## [RECORD EXCERPTS]

------------------------

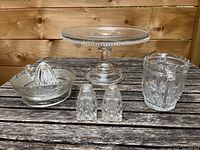 Photo showing all five crystal items on wooden surface: cake plate, salt and pepper shakers, juicer, and small pitcher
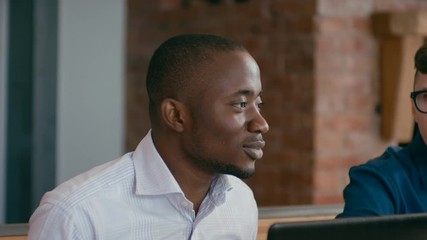Business Team Enjoy Eating Lunch Together at Workplace with Laptops. Diverse Group of Four People Eats Pizza and Discusses Project in Loft Office. 4K Gimbal Circling Medium Close up Shot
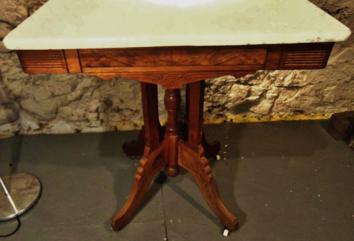Marble Top East Lake Table on Castors: This marble top Victorian press carved East Lake table on casters is in good overall condition, no chips or stains to marble top. It measures 30"Tx30"Wx20"D.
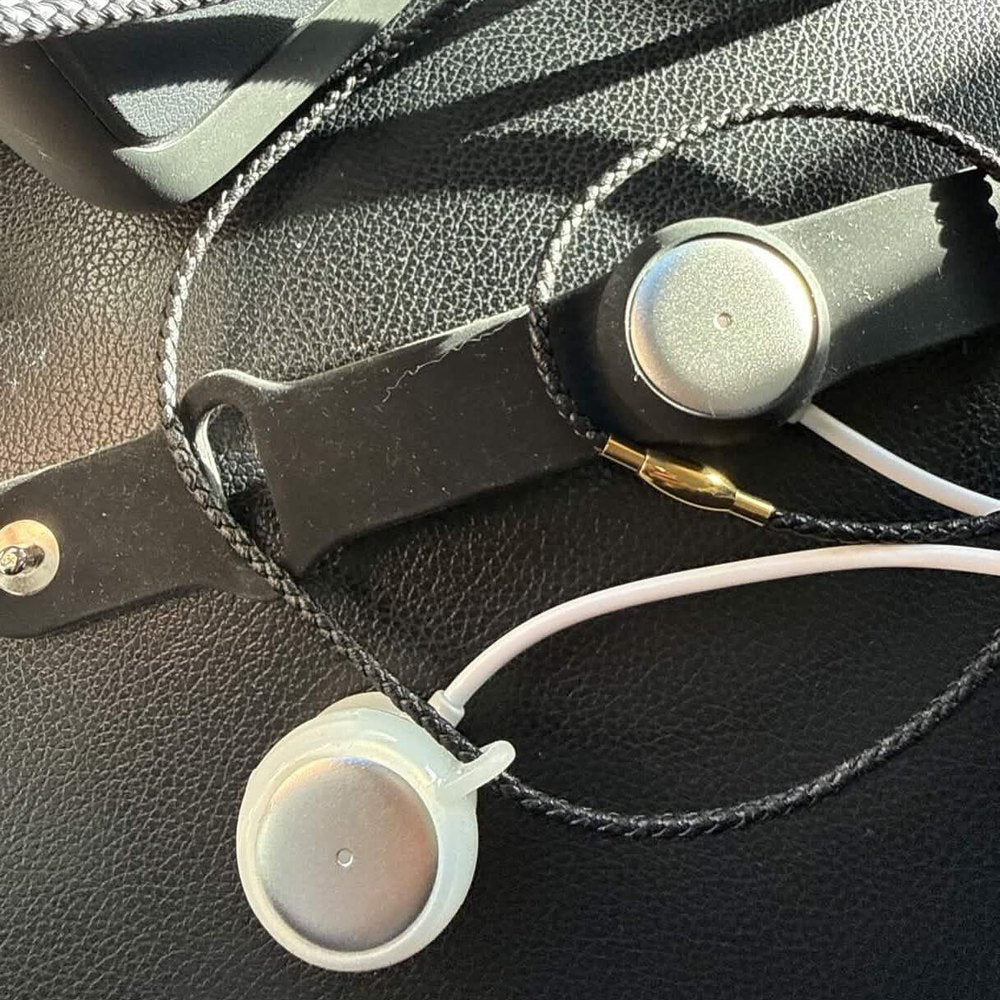 Two Omi pendants on their cords on a car seat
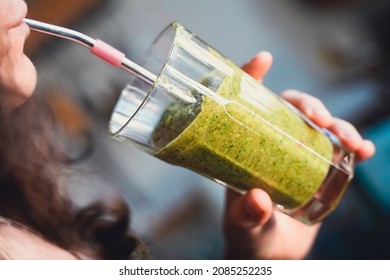 A Woman Drinks A Green Smoothie Fruit Shake Using A Metal Straw.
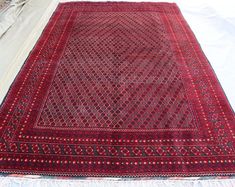 a large red rug sitting on top of a bed next to a white sheet covered floor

------------------------

## [REQUIRED ACTION]
In the copy, include all records verbatim but no images.

## [RESULT OF THIS TASK]
 Photo showing all five crystal items on wooden surface: cake plate, salt and pepper shakers, juicer, and small pitcher
Business Team Enjoy Eating Lunch Together at Workplace with Laptops. Diverse Group of Four People Eats Pizza and Discusses Project in Loft Office. 4K Gimbal Circling Medium Close up Shot
Marble Top East Lake Table on Castors: This marble top Victorian press carved East Lake table on casters is in good overall condition, no chips or stains to marble top. It measures 30"Tx30"Wx20"D.
 Two Omi pendants on their cords on a car seat
 A Woman Drinks A Green Smoothie Fruit Shake Using A Metal Straw.
 a large red rug sitting on top of a bed next to a white sheet covered floor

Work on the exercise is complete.